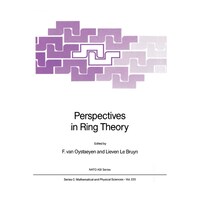 Picture of Perspectives in Ring Theory (Nato Science Series C:, 233)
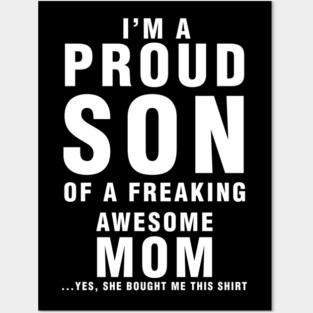 IM A PROUD SON OF FREAKING AWESOME MOM YES SHE BOUGHT ME THIS SHIRT Posters and Art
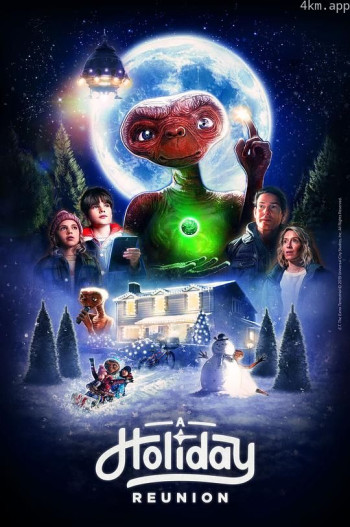 E.T.外星人：假期重聚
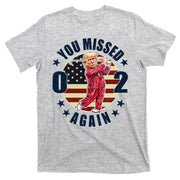 Missed Me Again Donald Trump Golfing T-Shirt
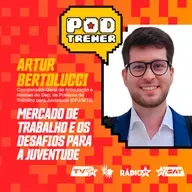 PODTREMER | Eps 41 - PodTremer 08/05 | Mercado de Trabalho e os Desafios para a Juventude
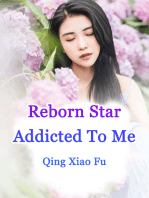 Reborn Star Addicted To Me: Volume 4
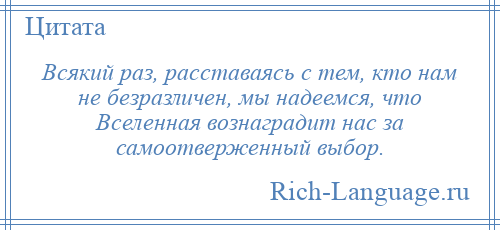 
    Всякий раз, расставаясь с тем, кто нам не безразличен, мы надеемся, что Вселенная вознаградит нас за самоотверженный выбор.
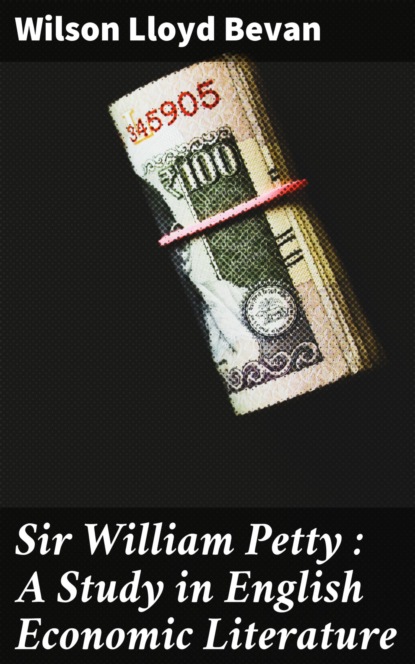 Sir William Petty : A Study in English Economic Literature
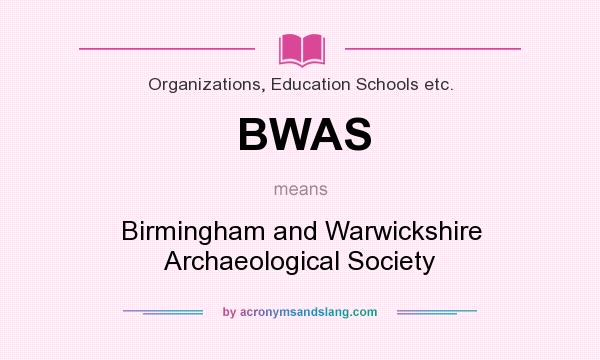 What does BWAS mean? It stands for Birmingham and Warwickshire Archaeological Society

########################################

**YOUR TASK**
Only the lines from the beginning of the listing up to and including the line with "Sir William Petty : A" should appear in the reply, copied word for word and free of pictures.

**EXERCISE RESULT**
 Picture of Perspectives in Ring Theory (Nato Science Series C:, 233)
 IM A PROUD SON OF FREAKING AWESOME MOM YES SHE BOUGHT ME THIS SHIRT Posters and Art
 E.T.外星人：假期重聚
 Missed Me Again Donald Trump Golfing T-Shirt
 PODTREMER | Eps 41 - PodTremer 08/05 | Mercado de Trabalho e os Desafios para a Juventude
 Reborn Star Addicted To Me: Volume 4
    Всякий раз, расставаясь с тем, кто нам не безразличен, мы надеемся, что Вселенная вознаградит нас за самоотверженный выбор.
 Sir William Petty : A Study in English Economic Literature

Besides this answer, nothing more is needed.